St Helen's Borough Council v Derbyshire [2007] UKHL 16 is a UK labour law case concerning victimisation, which now falls under section 27 of the Equality Act 2010.

==Facts==
470 women had brought equal pay claims against St Helen's MBC. Most had settled, and shared a lump sum of compensation, but Ms Derbyshire with 38 others had continued. The council had sent two letters, one of which said that if they pursued the claim it could threaten school dinners and lead to redundancies in the workforce.
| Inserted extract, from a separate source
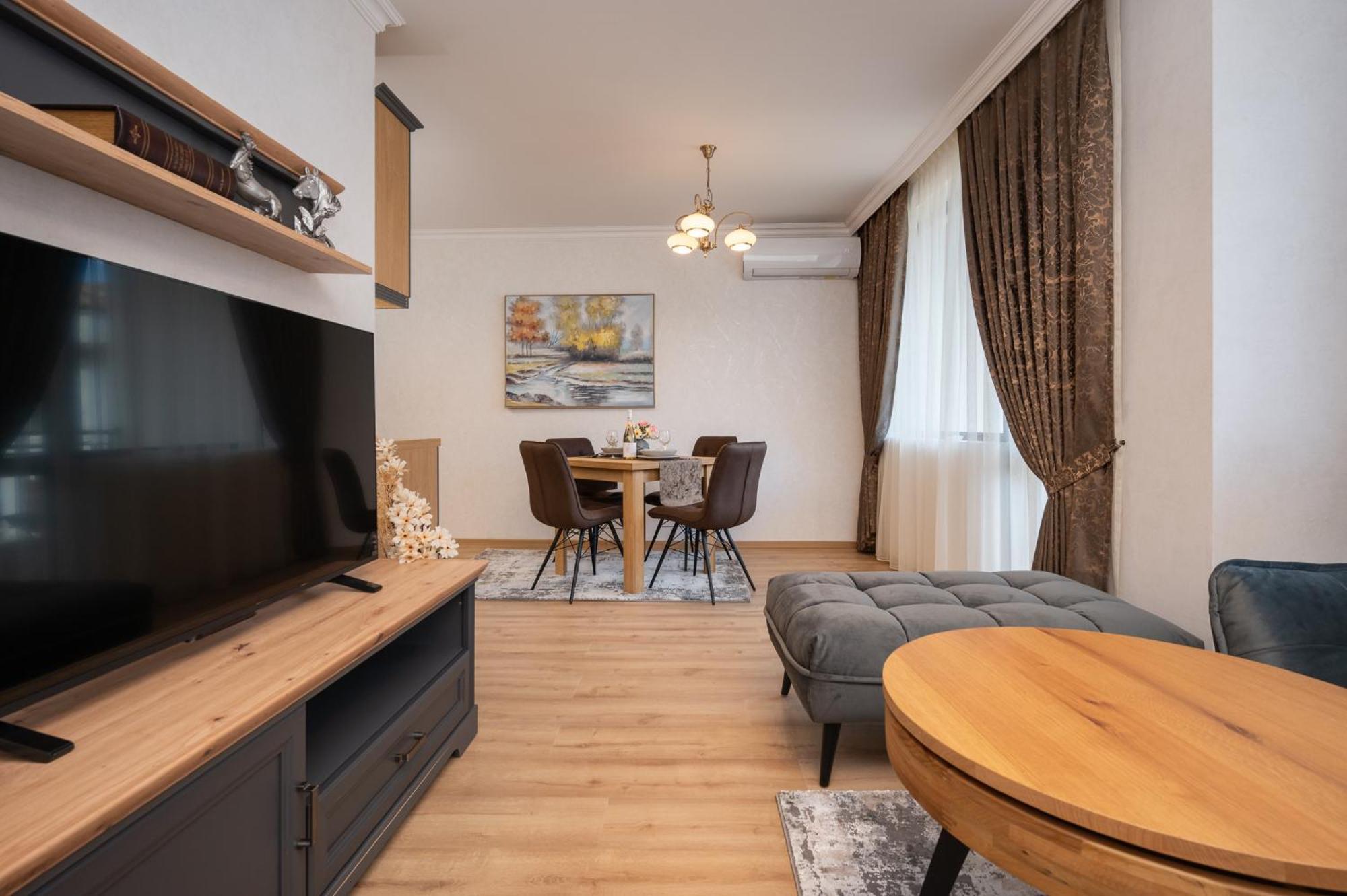 Prestige Central Apartments Varna Extérieur photo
Employment Tribunal held that this was victimisation because the letter ‘amounted to an attempt to induce the acquiescence of individuals despite the view of their union’. The Court of Appeal reversed the finding.

==Judgment==
The House of Lords allowed the appeal. The court should focus on the word ‘detriment’ under SDA 1975 s 4. It is difficult to imagine how an ‘honest and reasonable’ action by an employer could lead to ‘detriment’ on the employee's part. So here, the employment tribunal had reached a justifiable answer.

Lord Neuberger said Chief Constable of West Yorkshire v Khan was correct, but its juridical analysis and its subsequent interpretation were not entirely satisfactory. The more appropriate approach was to ask whether the worker had suffered a detriment. First, the ‘honest and reasonable employer’ test is not at all in the legislation. Second, the meaning on ‘by reason that’ is uncomfortable. And third, it shifts the considerations more to the side of whether the perpetrator viewed the act as victimisation. Instead, it was better to follow, which Lord Hoffmann in Khan approved, Brightman LJ in Ministry of Defence v Jeremiah that ‘a detriment exists if a reasonable worker would or might take the view that the [treatment] was in all the circumstances to his detriment’. He gave the example of a ‘measured and accurate’ letter from a solicitor setting out financial consequences if a claim succeeds or fails not being able to constitute detriment. And detriment is not mere mental distress because it ought to be reasonable.

Lord Bingham, Lord Hope, Baroness Hale and Lord Carswell gave concurring opinions.